» **EXERCISE DETAILS**:
If a picture appears in the records below, drop it, and reproduce everything else exactly.
Top of DATA PROVIDED
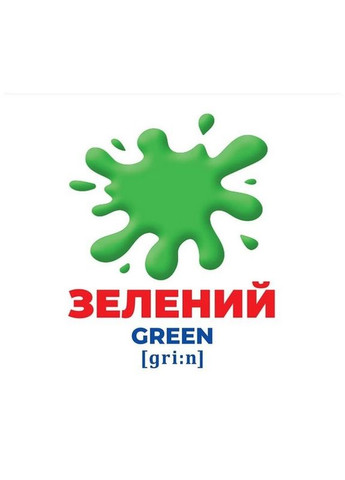 Набір розвиваючих карток Геній з пелюшок "Колір і фігури" Ранок 10107206У, 17 карток Ranok Creative (304407499)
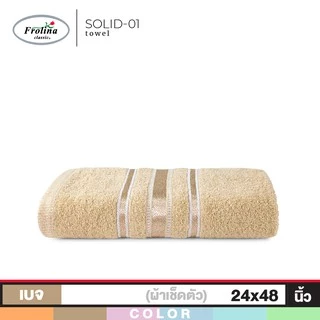 Frolina ผ้าขนหนูเช็ดตัว ขนาด 24x48 นิ้ว ดีไซน์ Solid01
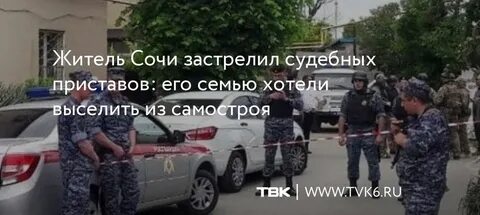 Застрелился судебный пристав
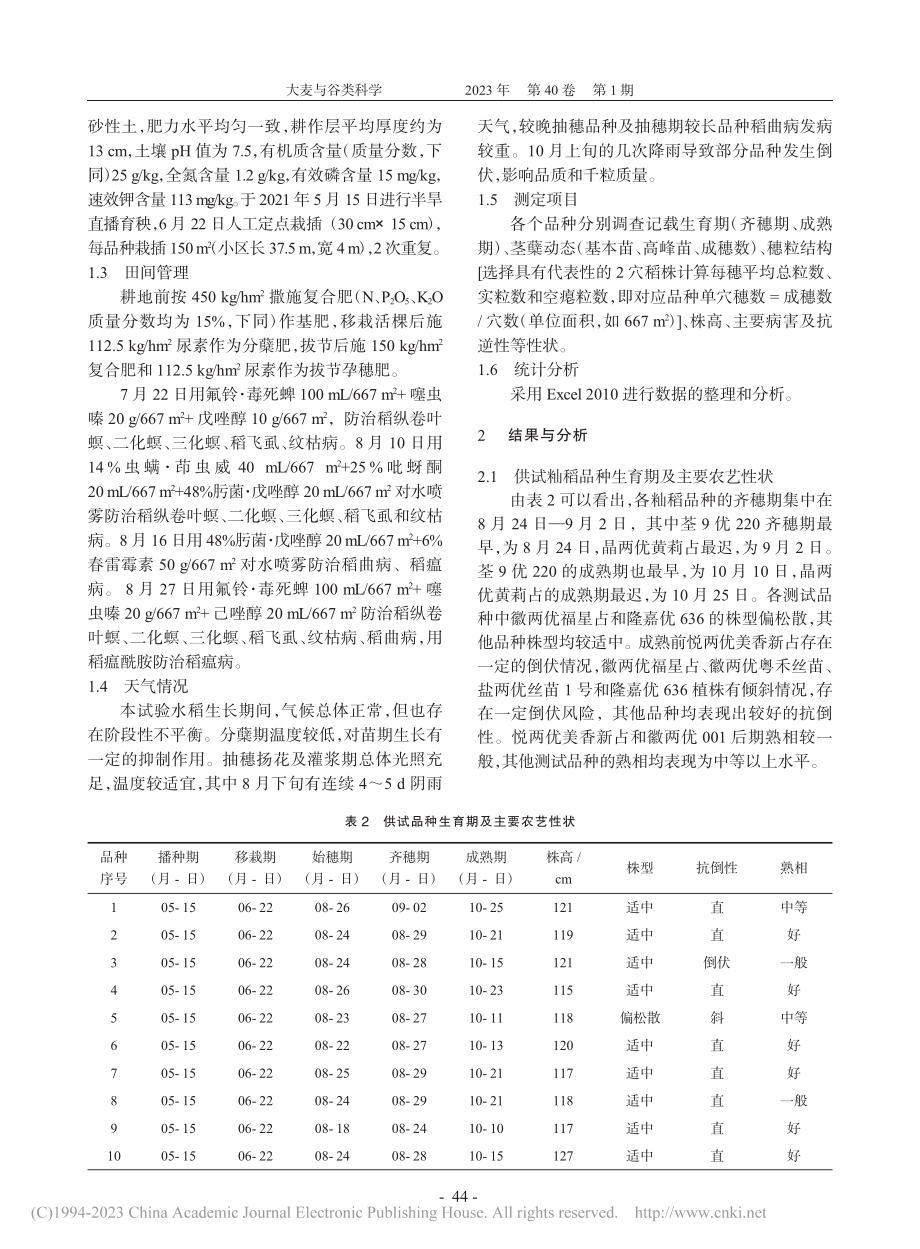 宿迁市2021年杂交中籼稻品种安全性测试_侯章梅.pdf_第2页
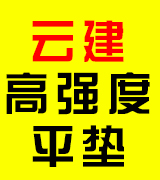 云建高强度平垫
Bottom of DATA PROVIDED
» **WRITTEN ANSWER**:
 Набір розвиваючих карток Геній з пелюшок "Колір і фігури" Ранок 10107206У, 17 карток Ranok Creative (304407499)
 Frolina ผ้าขนหนูเช็ดตัว ขนาด 24x48 นิ้ว ดีไซน์ Solid01
 Застрелился судебный пристав
 宿迁市2021年杂交中籼稻品种安全性测试_侯章梅.pdf_第2页
 云建高强度平垫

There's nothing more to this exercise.